Previously, I wrote a blog highlighting a business purchaser’s need to do due diligence on its prospective target company. As stated, the due diligence process can be split into three parts: (1) legal; (2) financial; and (3) operational. I began this series with a blog concerning legal due diligence, and recently released a blog on financial due diligence. This blog will explore what is involved with the operational part of the due diligence process.
Operational Due Diligence
Operational due diligence involves ensuring that the business will be able to operate as the purchaser assumes after it has been acquired. In the hands of the seller, the business might be generating an enticing profit. But, upon transfer, that profitability may reduce due to a number of different reasons. Key employees may leave or important contracts may not be assignable, and may up terminated or even in default. This may be especially true in the context of leases and existing debts. Further, if applicable, the purchaser may need to inquire into whether the IP is owned by the company, including the trade names.
Below you will find a non-exhaustive list of the categories of documents that a purchaser should request as part of operational due diligence. Every deal is different; thus, there are likely additional documents that would be necessary in any particular deal.
- List of directors, officers, and other key employees and their compensation;
- Employment agreements of directors, officers, and key employees, including any confidentiality or noncompetition agreements;
- Confidentiality and noncompetition agreements employees and consultants may be subject to with their prior employees;
- Any collective bargaining or labor agreements;
- Employee handbooks and/or personnel manuals;
- All loan documents for any indebtedness of the company or indebtedness which encumbers company assets;
- All other financing documents, such as documentation of sale and lease back transactions, installments sales contracts, letters of credit, vendor financing programs, and other lease agreements;
- License agreements of any intellectual property, including software, patents, copyrights, or trademarks;
- Lease agreements;
- Contracts with outside distributors, agents, brokers, and franchisees;
- Contracts with suppliers and vendors;
- Contracts with customers;
- Maintenance agreements and warranties for any essential equipment;
- Any agreements with that place any material limitation on the method of conducting or scope of the Company’s business;
- All other material agreements, for example:
- Joint venture and partnership agreements
- Agreements that have a value over a certain dollar threshold, and
- Agreements that have a term of more than one year
- All documents evidencing title to real estate, including title insurance policies;
- Any environmental reports on company real estate;
- Documentation of all patents, trademarks, service marks, copyrights, and other intellectual property owned or used by the company;
- Evidence of ownership or rights to all proprietary software;
- Evidence of ownership of all domain names;
- Correspondence dealing with actual or alleged infringement by the company of others’ intellectual property or by others of the company’s intellectual property;
- If vital to the company’s business, the buyer should conduct its own independent evaluation of the company’s intellectual property to evaluate its validity and potential infringement.

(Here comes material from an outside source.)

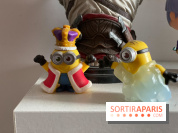 Vide grenier des enfants du 9e arrondissement de Paris : BROC DES KIDS ET DES BABIES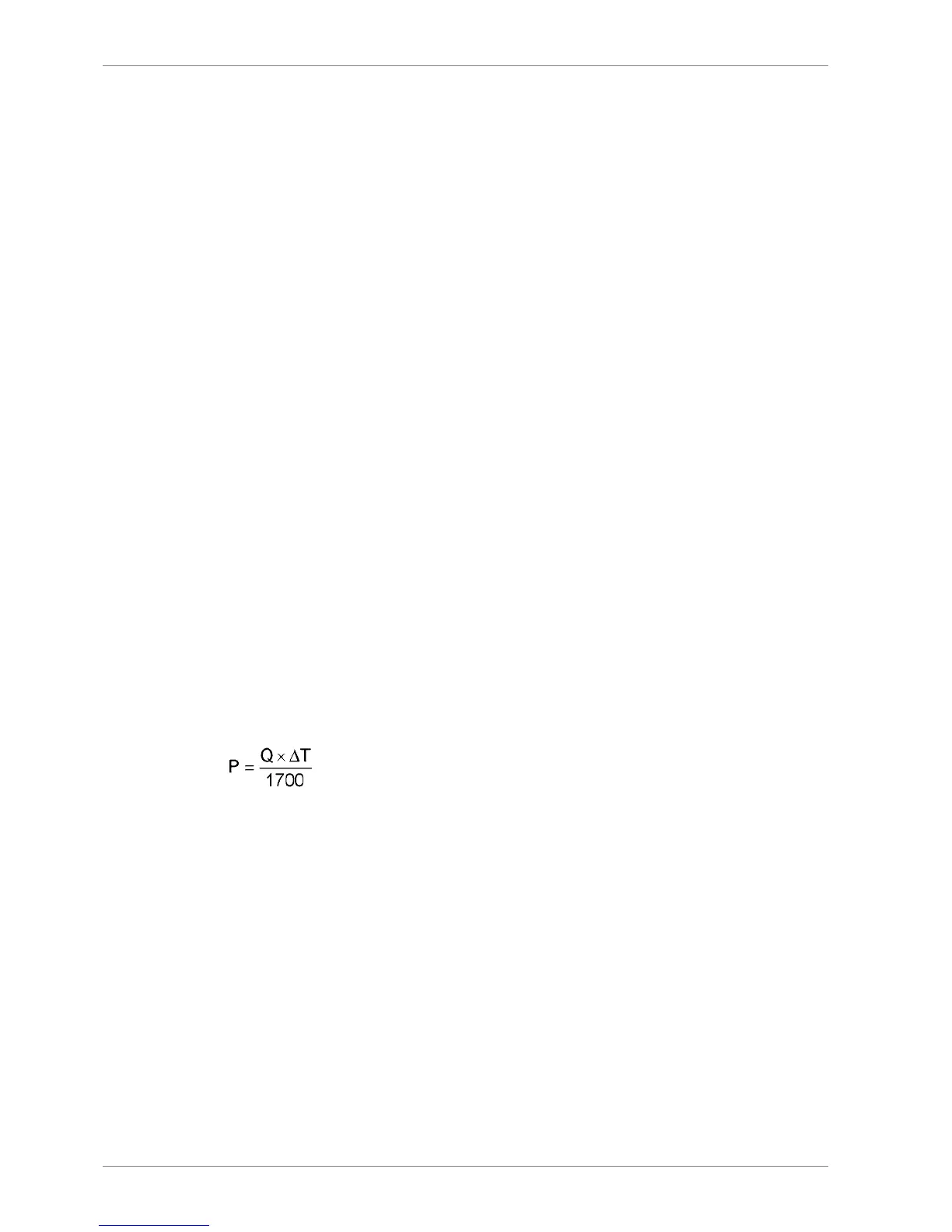 Page #120 background image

This completes my blogs series on due diligence in the M&A process. Due diligence is arguably the most important step in the M&A process for purchasers It is important to remember that this series was a global overview on due diligence in the M&A process that only scratches the surface on the most important aspects. It will serve a buyer greatly to consult and retain an attorney before attempting to engage in this process.
 May lease and loan documents often prohibit the transfer of the agreement, even indirectly through a purchase or sale of an entity.